Problem description — Every line between the one containing "wedding dress codeFit" and the last line of the data, both included, is to be set down exactly, and pictures are to be omitted.

Data segment —
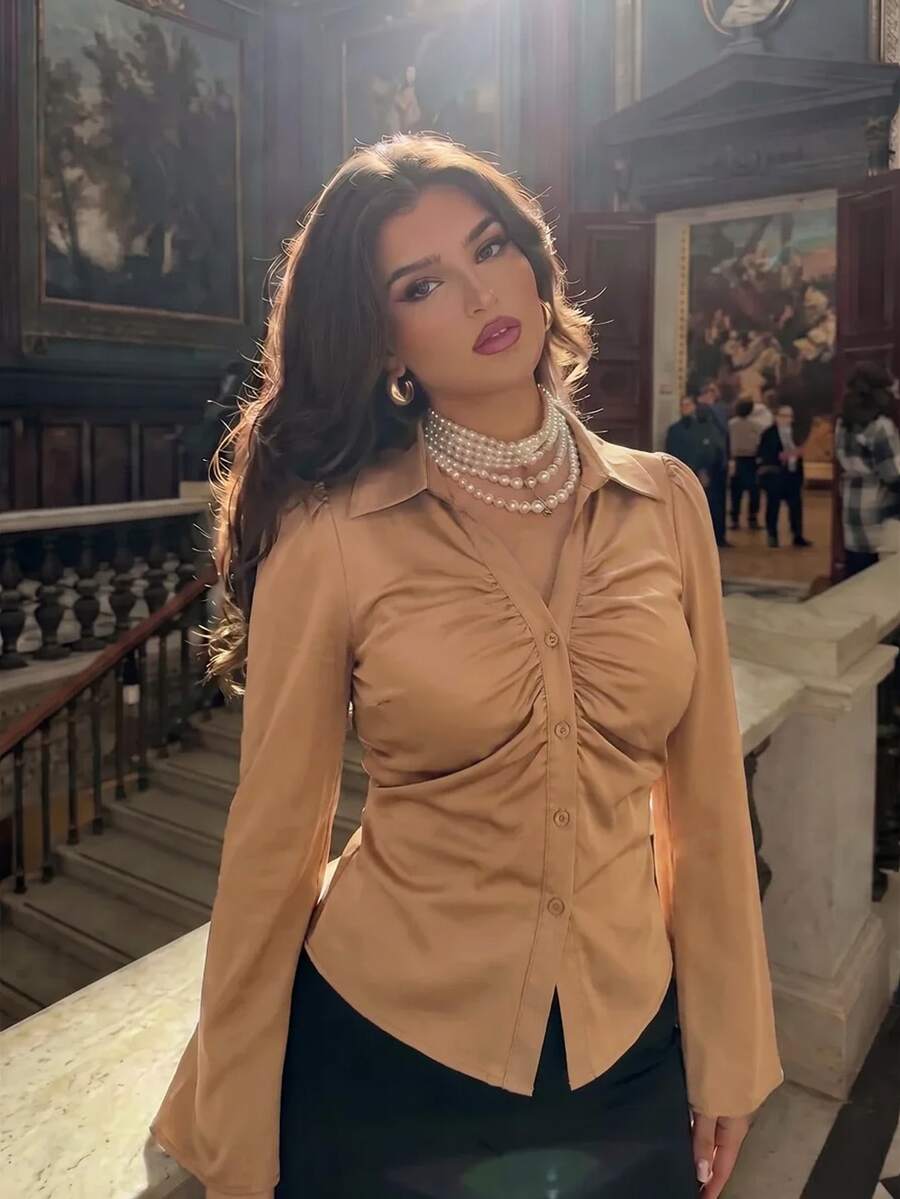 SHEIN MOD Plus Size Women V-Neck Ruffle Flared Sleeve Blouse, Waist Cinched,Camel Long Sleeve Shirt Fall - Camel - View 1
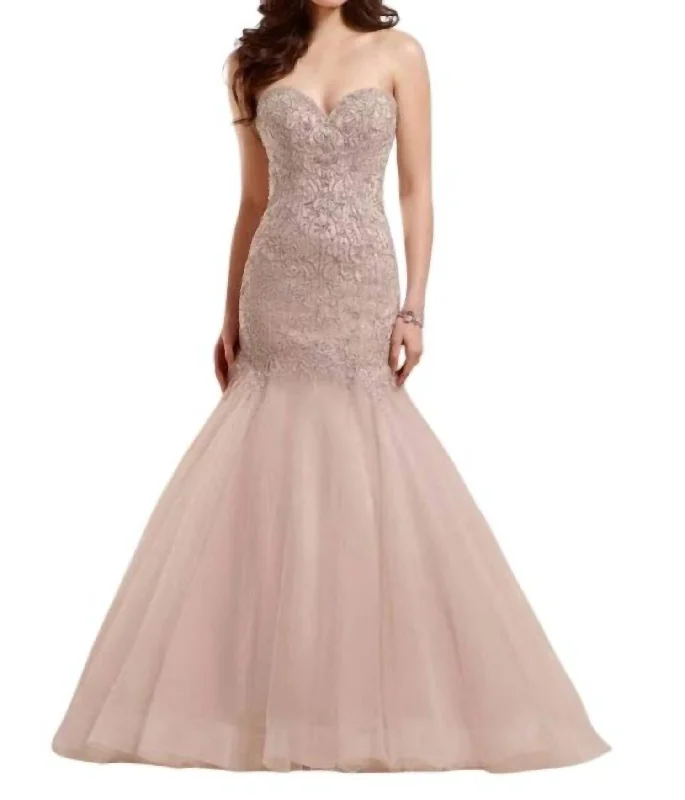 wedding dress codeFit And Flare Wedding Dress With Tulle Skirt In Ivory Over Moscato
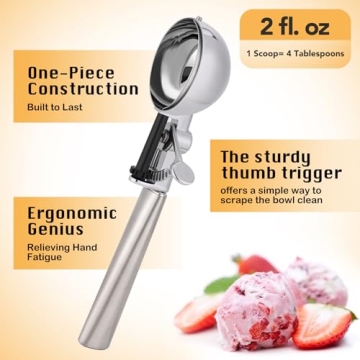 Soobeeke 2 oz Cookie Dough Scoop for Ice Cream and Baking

The completed task —
 wedding dress codeFit And Flare Wedding Dress With Tulle Skirt In Ivory Over Moscato
 Soobeeke 2 oz Cookie Dough Scoop for Ice Cream and Baking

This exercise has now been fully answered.